(Caption-style text data)

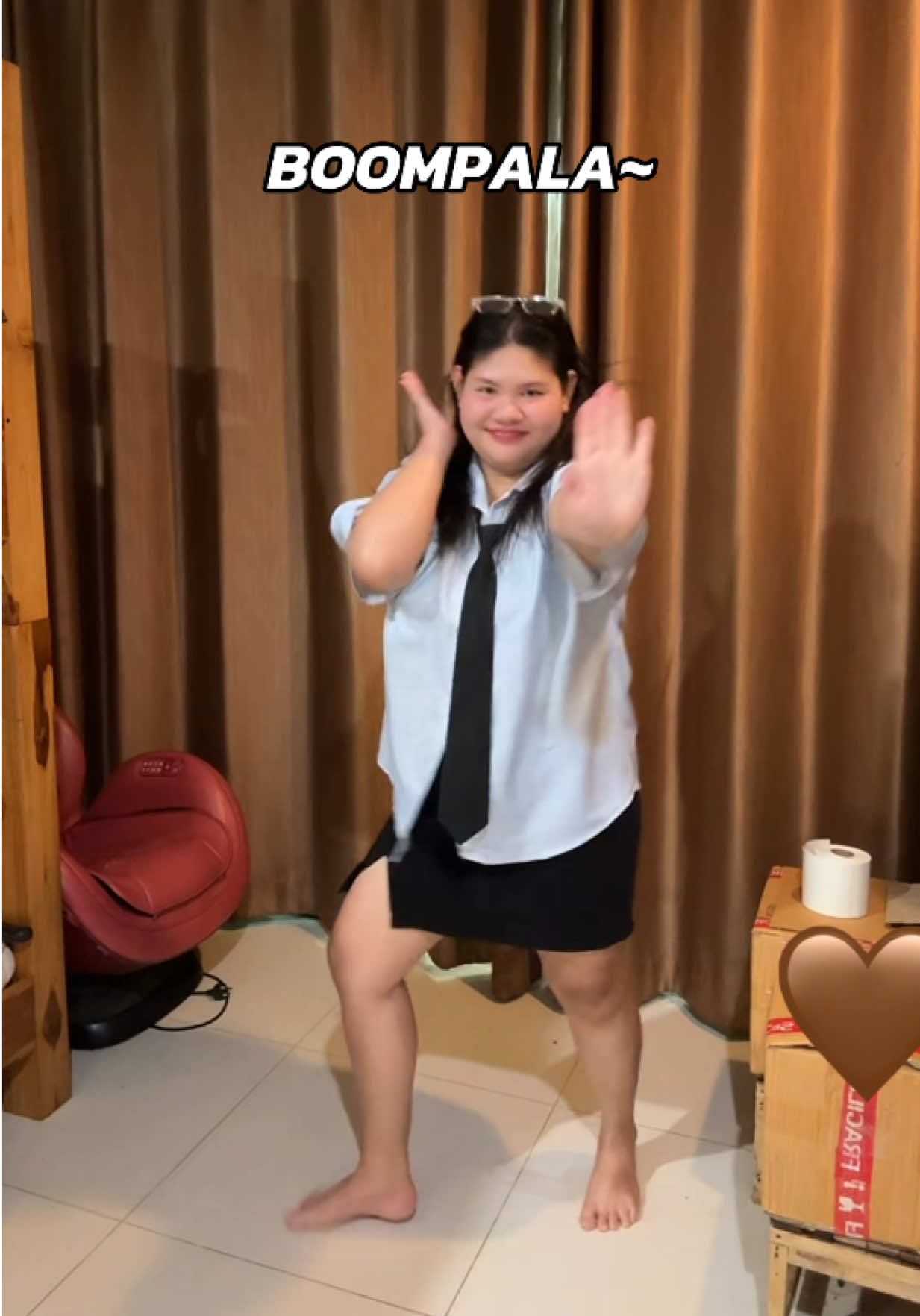 @นาตาชานัช🕵️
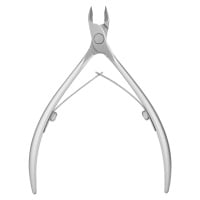 STALEKS Profesionální kleště na nehtovou kůžičku Smart 31 3 mm (Professional Cuticle Nippers)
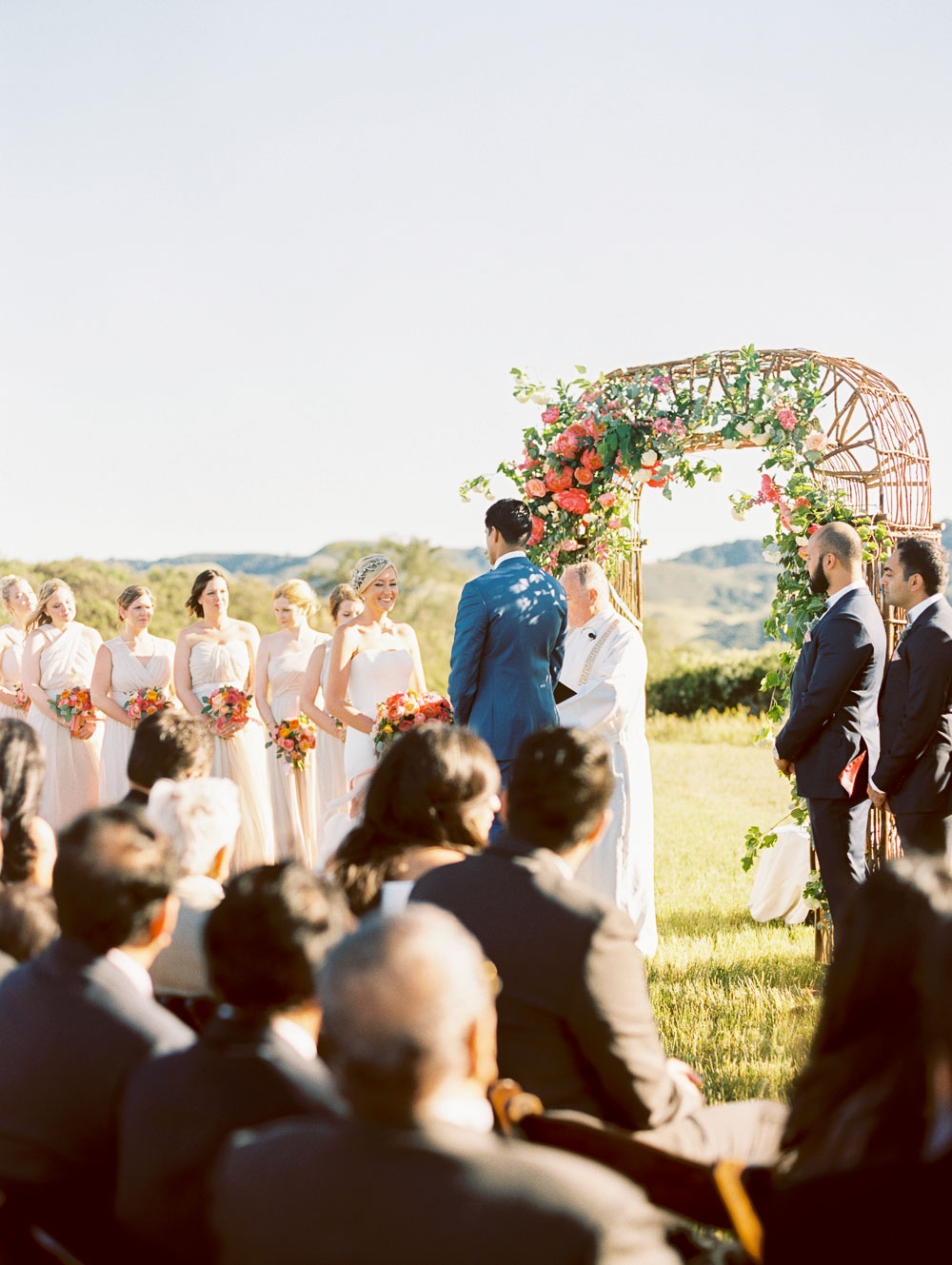 Danielle Poff Photography
http://www.daniellepoff.com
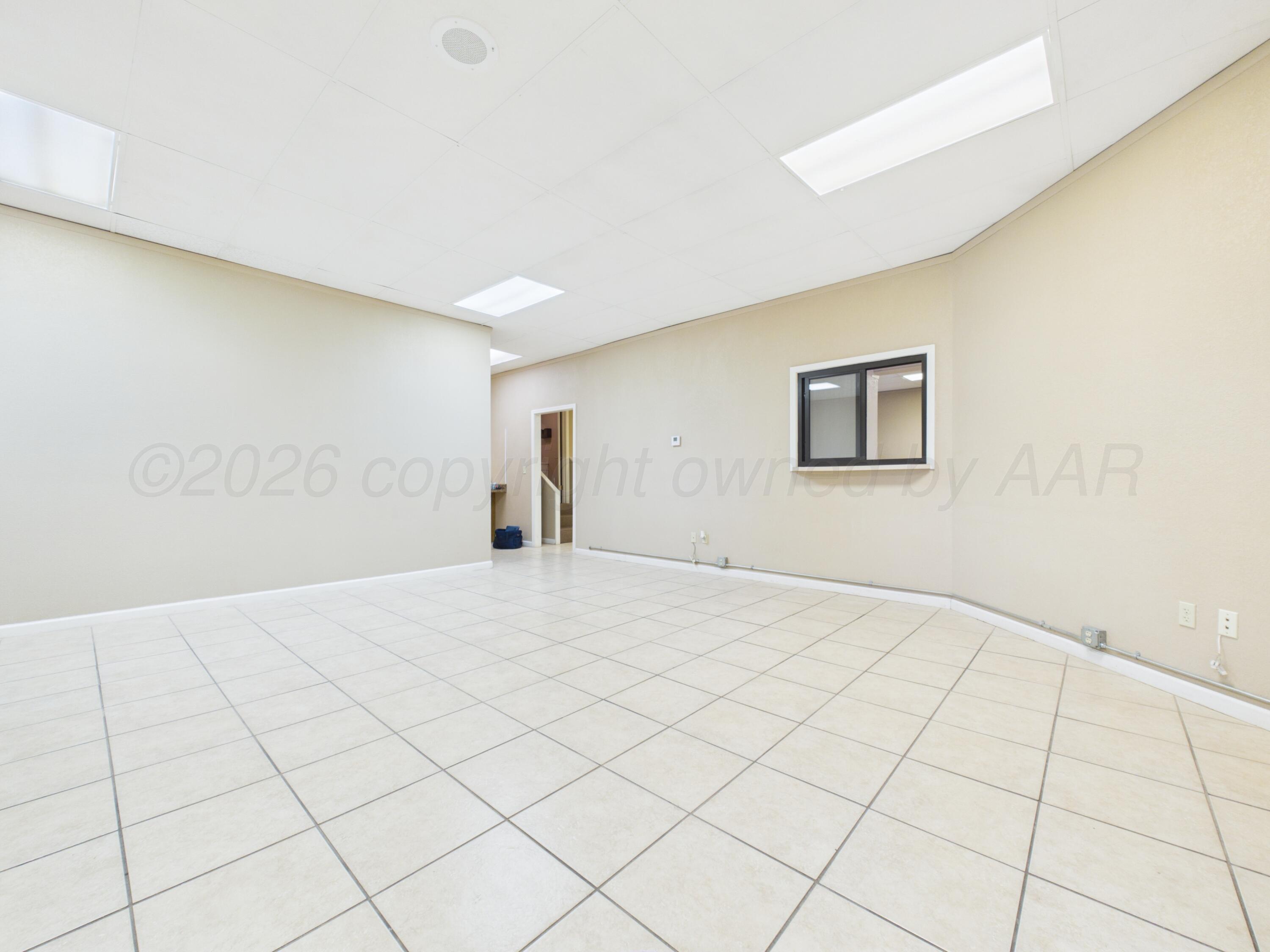 2217/2218 Perryton Parkway Property Photo 41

**WHAT IS NEEDED:** Write every line above again exactly, but leave the pictures out.

**RESULT OF THE EXERCISE:**
 @นาตาชานัช🕵️
 STALEKS Profesionální kleště na nehtovou kůžičku Smart 31 3 mm (Professional Cuticle Nippers)
 Danielle Poff Photography
http://www.daniellepoff.com
 2217/2218 Perryton Parkway Property Photo 41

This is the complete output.